[RFC PATCH v1 1/4] kvmppc: HMM backend driver to manage pages of secure guest

Bharata B Rao bharata at linux.ibm.com
Mon Nov 12 20:28:20 AEDT 2018


On Tue, Oct 30, 2018 at 04:03:00PM +1100, Paul Mackerras wrote:
> On Mon, Oct 22, 2018 at 10:48:34AM +0530, Bharata B Rao wrote:
> > HMM driver for KVM PPC to manage page transitions of
> > secure guest via H_SVM_PAGE_IN and H_SVM_PAGE_OUT hcalls.
> > 
> > H_SVM_PAGE_IN: Move the content of a normal page to secure page
> > H_SVM_PAGE_OUT: Move the content of a secure page to normal page
> 
> Comments below...

Thanks for your comments, I have addressed all of your comments in the
next version I am about to post out soon. I will reply only to the
questions here:

> > diff --git a/arch/powerpc/kvm/book3s_hv_hmm.c b/arch/powerpc/kvm/book3s_hv_hmm.c
> > new file mode 100644
> > index 000000000000..a2ee3163a312
> > --- /dev/null
> > +++ b/arch/powerpc/kvm/book3s_hv_hmm.c
> > @@ -0,0 +1,514 @@
> > +// SPDX-License-Identifier: GPL-2.0
> > +/*
> > + * HMM driver to manage page migration between normal and secure
> > + * memory.
> > + *
> > + * Based on Jérôme Glisse's HMM dummy driver.
> > + *
> > + * Copyright 2018 Bharata B Rao, IBM Corp. <bharata at linux.ibm.com>
> > + */
> > +
> > +/*
> > + * A pseries guest can be run as a secure guest on Ultravisor-enabled
> > + * POWER platforms.
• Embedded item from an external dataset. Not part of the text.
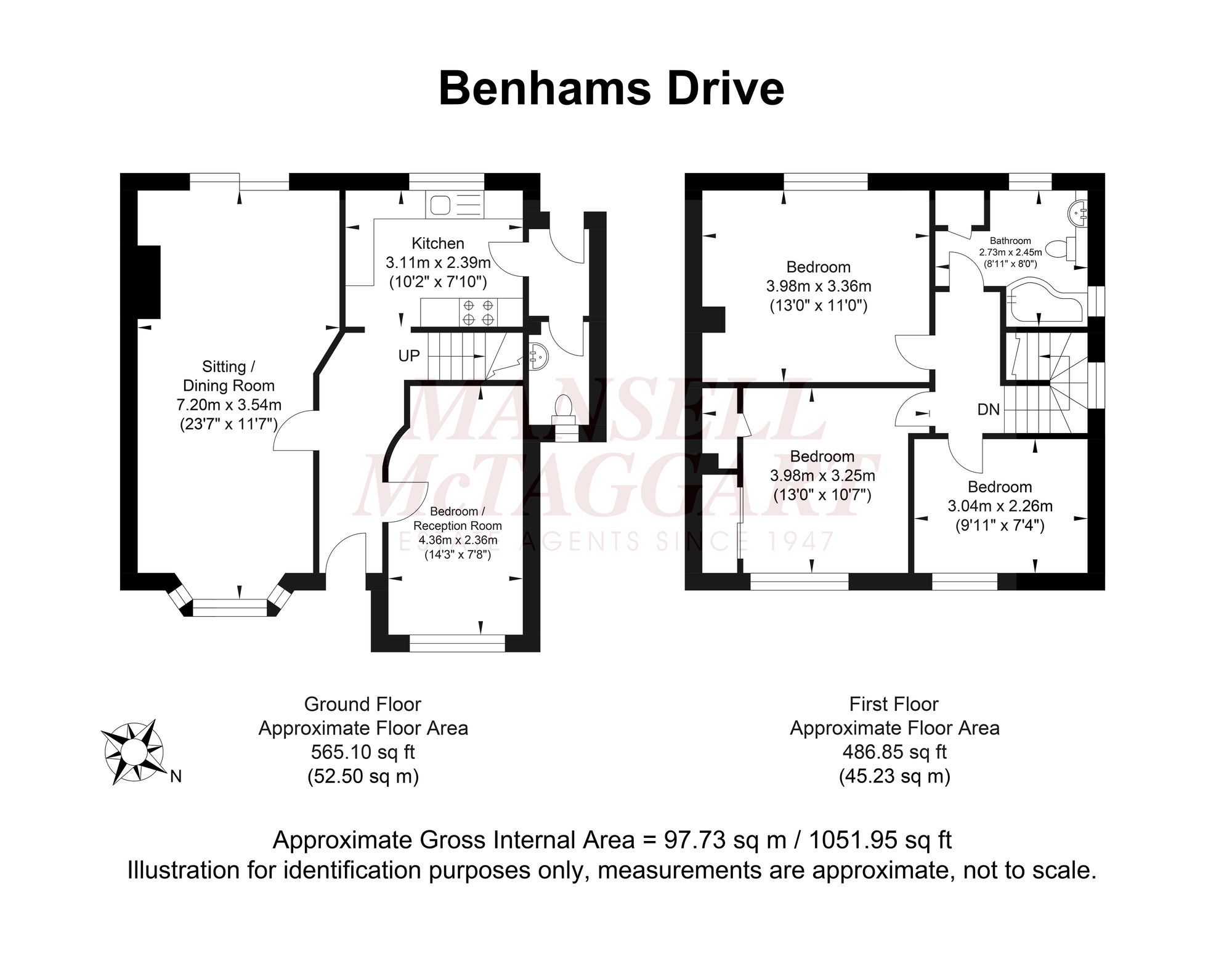 4 bed semidetached house for sale in Benhams Drive, Horley RH6 Zoopla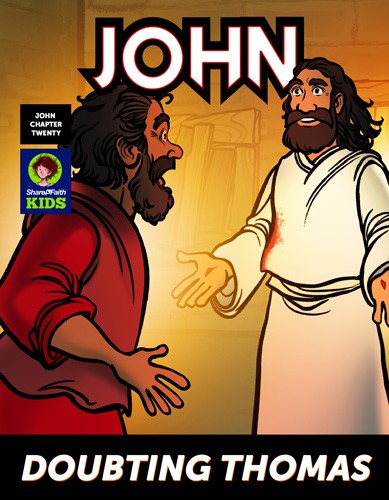 Digital Bible Comics For Kids | Sharefaith Kids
On such platforms, this driver will be used to manage
> > + * the movement of guest pages between the normal memory managed by
> > + * hypervisor (HV) and secure memory managed by Ultravisor (UV).
> > + *
> > + * Private ZONE_DEVICE memory equal to the amount of secure memory
> > + * available in the platform for running secure guests is created
> > + * via a HMM device. The movement of pages between normal and secure
> > + * memory is done by ->alloc_and_copy() callback routine of migrate_vma().
> > + *
> > + * The page-in or page-out requests from UV will come to HV as hcalls and
> > + * HV will call back into UV via uvcalls to satisfy these page requests.
> > + *
> > + * For each page that gets moved into secure memory, a HMM PFN is used
> > + * on the HV side and HMM migration PTE corresponding to that PFN would be
> > + * populated in the QEMU page tables. A per-guest hash table is created to
> > + * manage the pool of HMM PFNs. Guest real address is used as key to index
> > + * into the hash table and choose a free HMM PFN.
> > + */
> > +
> > +#include <linux/hmm.h>
> > +#include <linux/kvm_host.h>
> > +#include <linux/sched/mm.h>
> > +#include <asm/ucall-api.h>
> > +
> > +static struct kvmppc_hmm_device *kvmppc_hmm;
> > +spinlock_t kvmppc_hmm_lock;
> > +
> > +#define KVMPPC_HMM_HASH_BITS    10
> > +#define KVMPPC_HMM_HASH_SIZE   (1 << KVMPPC_HMM_HASH_BITS)
> > +
> > +struct kvmppc_hmm_pfn_entry {
> > +	struct hlist_node hlist;
> > +	unsigned long addr;
> > +	unsigned long hmm_pfn;
> > +};
> > +
> > +struct kvmppc_hmm_page_pvt {
> > +	struct hlist_head *hmm_hash;
> > +	unsigned int lpid;
> > +	unsigned long gpa;
> > +};
> > +
> > +struct kvmppc_hmm_migrate_args {
> > +	struct hlist_head *hmm_hash;
> > +	unsigned int lpid;
> > +	unsigned long gpa;
> > +	unsigned long page_shift;
> > +};
> > +
> > +int kvmppc_hmm_hash_create(struct kvm *kvm)
> > +{
> > +	int i;
> > +
> > +	kvm->arch.hmm_hash = kzalloc(KVMPPC_HMM_HASH_SIZE *
> > +				     sizeof(struct hlist_head), GFP_KERNEL);
> > +	if (!kvm->arch.hmm_hash)
> > +		return -ENOMEM;
> > +
> > +	for (i = 0; i < KVMPPC_HMM_HASH_SIZE; i++)
> > +		INIT_HLIST_HEAD(&kvm->arch.hmm_hash[i]);
> > +	return 0;
> > +}
> 
> I gather that this hash table maps a guest real address (or pfn) to a
> hmm_pfn, is that right?  I think that mapping could be stored in the
> rmap arrays attached to the memslots, since there won't be any
> hypervisor-side mappings of the page while it is over in the secure
> space.  But maybe that could be a future optimization.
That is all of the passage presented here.